In Chapter 1, Waller introduces his account of restorative free will. He begins by defining free will as "the capacity to effectively explore alternative paths in response to a combination of environmental contingencies and internal motives" (1). He claims, "essential elements of that capacity include the ability to discriminate among and evaluate alternatives and the ability to adjust the level of behavioral variability to environmental conditions" (1). Restorative free will, according to Waller, is not a revisionist account of free will. Nor is it an account of how the folk think of free will. It is also not an account that traces free will back to the views of ancient people, popular religions, or ancient myths. Rather, he contends, it is a view of free will, which restores free will to many species that have been denied free will under accounts contrived by humans to claim exclusive rights to free will. It is concerned with "the free will that many species enjoyed and practiced long before humans evolved, the free will deeply rooted in adaptive animal behavior, and the free will that humans share with a variety of other species" (3).

Later in the book, primarily in Chapter 8, Waller explains that there are two main elements of restorative free will: options and control. Regarding the former, he writes: "Free will requires the capacity to effectively explore open alternatives; that includes both the capacity to explore open alternatives, and to effectively explore those alternatives" (140). The kind of options Waller has in mind, however, are not "absolute options" or "open alternatives that are chosen independently of all conditioned preferences and situational influences" (140). Such options, we are told, may be appropriate for gods but not foraging mice or humans.
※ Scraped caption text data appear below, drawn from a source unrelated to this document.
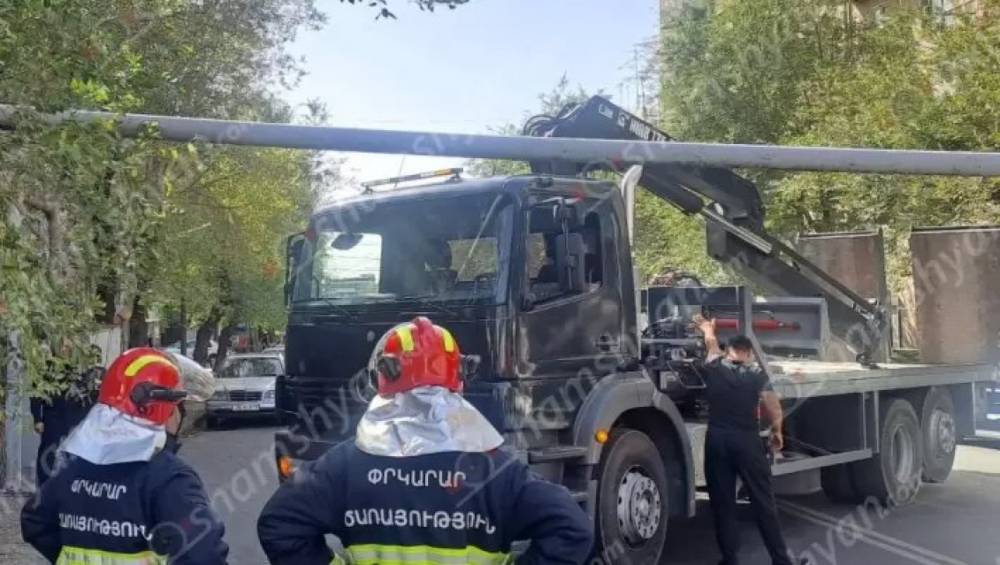 Արտակարգ դեպք՝ Երևանում. «KamAZ»-ը բախվել է գազատար խողովակին, սկսվել է գազի արտահոսք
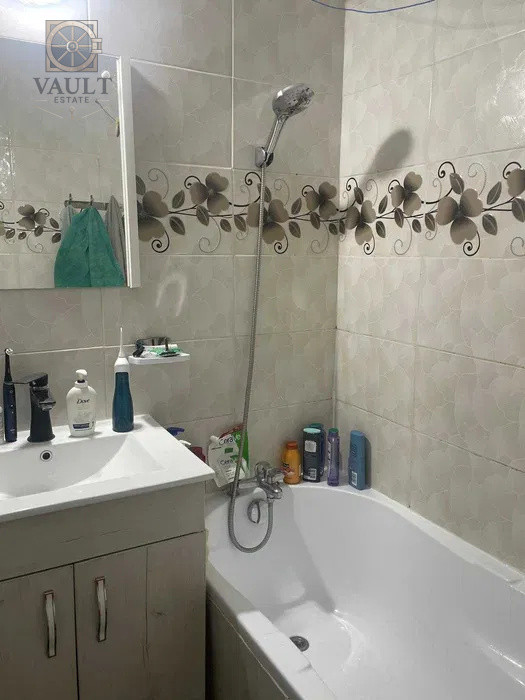 2 camere - etajul 3/10 -  Auchan Titan 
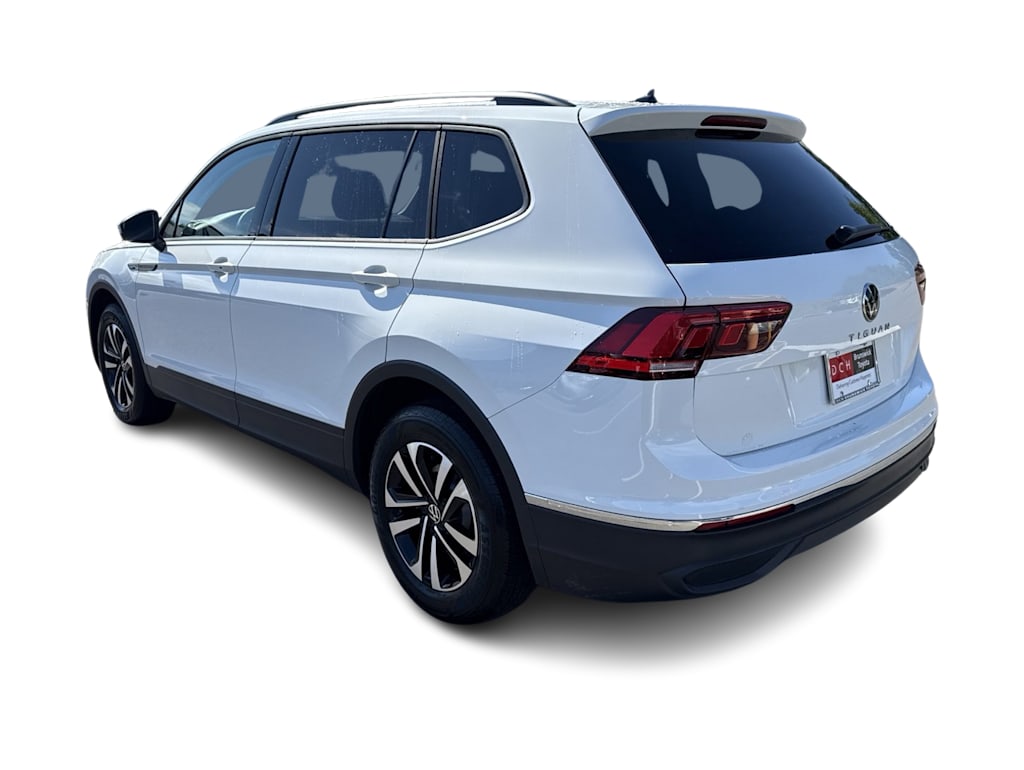 Thumbnail: 2023 Volkswagen Tiguan - 3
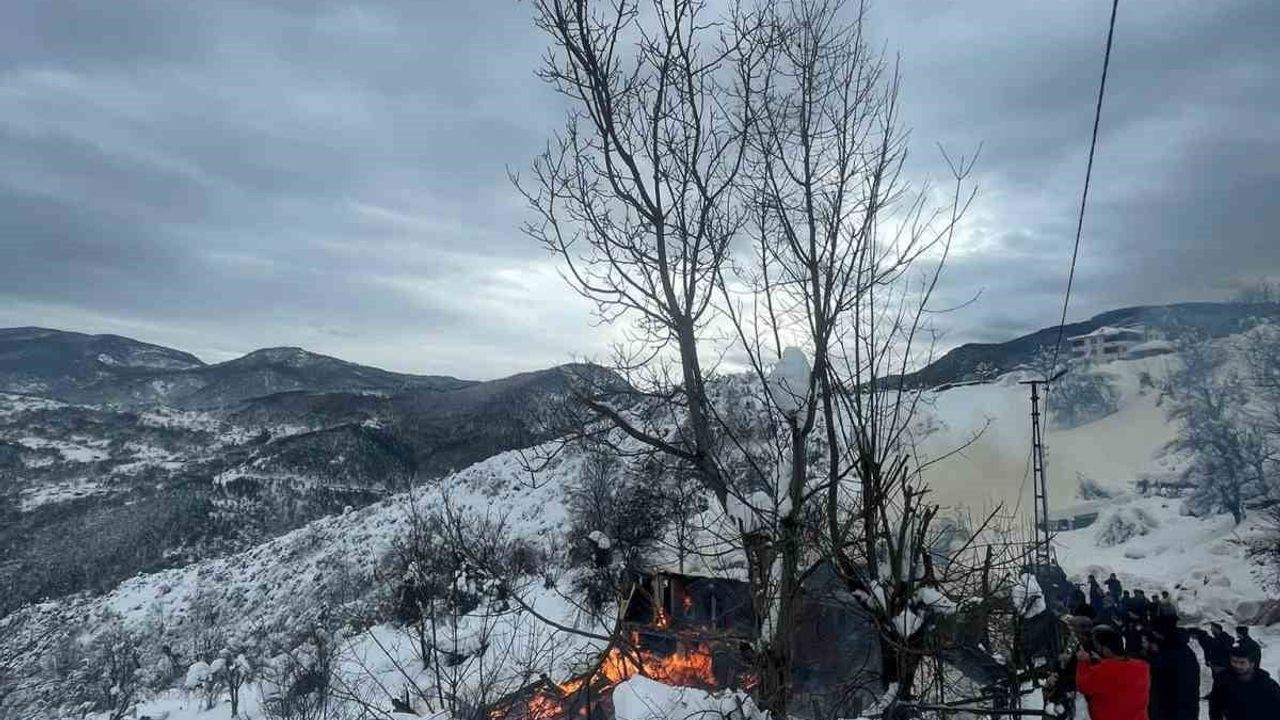 Yenice'de Ahşap Ev Yangını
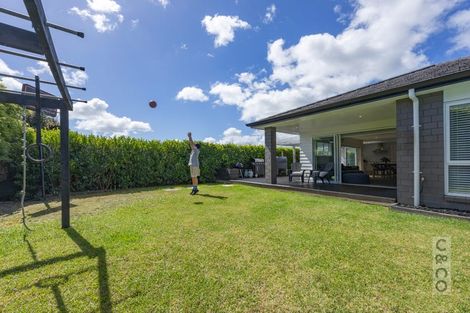 Photo of property in 77a Pohutukawa Parade, Riverhead, 0820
Human animals do not need alternatives that transcend our conditioned characters and our environmental influences; to the contrary, like other animals that evolved in and must survive in this changing world, we need options that are closely tied to changing environmental contingencies (140).

According to Waller, our characters, situations, and histories may determine our choices, but so long as the choice process does not "bypass" us (Mele 1995, 2006; Nahmias 2011) then "we have all the free will we want or need" (141). In addition to options, Waller argues we must also be able to vary the levels of exploration and control in relation to varying environmental conditions. Here again "absolute control" is not needed. Instead, Waller argues, we want control that enables us to consider alternatives, place them in some workable order, and make our own choices.

On Waller's account, open alternatives and control balance one another out as conditions change. To help explain how this balancing occurs, Waller turns to the example of foraging animals. When a food source is reliable, foraging animals continue to engage in some behavioral variability, but that variability is reduced while the control over a reliable food source is greater. As the reliability of that food source wanes, behavioral variability waxes -- i.e., the animal engages in a greater variety of overall behavior, it explores more alternative paths, tries new techniques, or new combinations of behavior (144). Vital to the effective exercise of control, then, is the opportunity to pursue paths that are genuinely productive, and that requires adjusting to changing conditions and having access to workable and controllable paths when a path that has been favored and that seems (and perhaps was) productive is no longer beneficial or promising.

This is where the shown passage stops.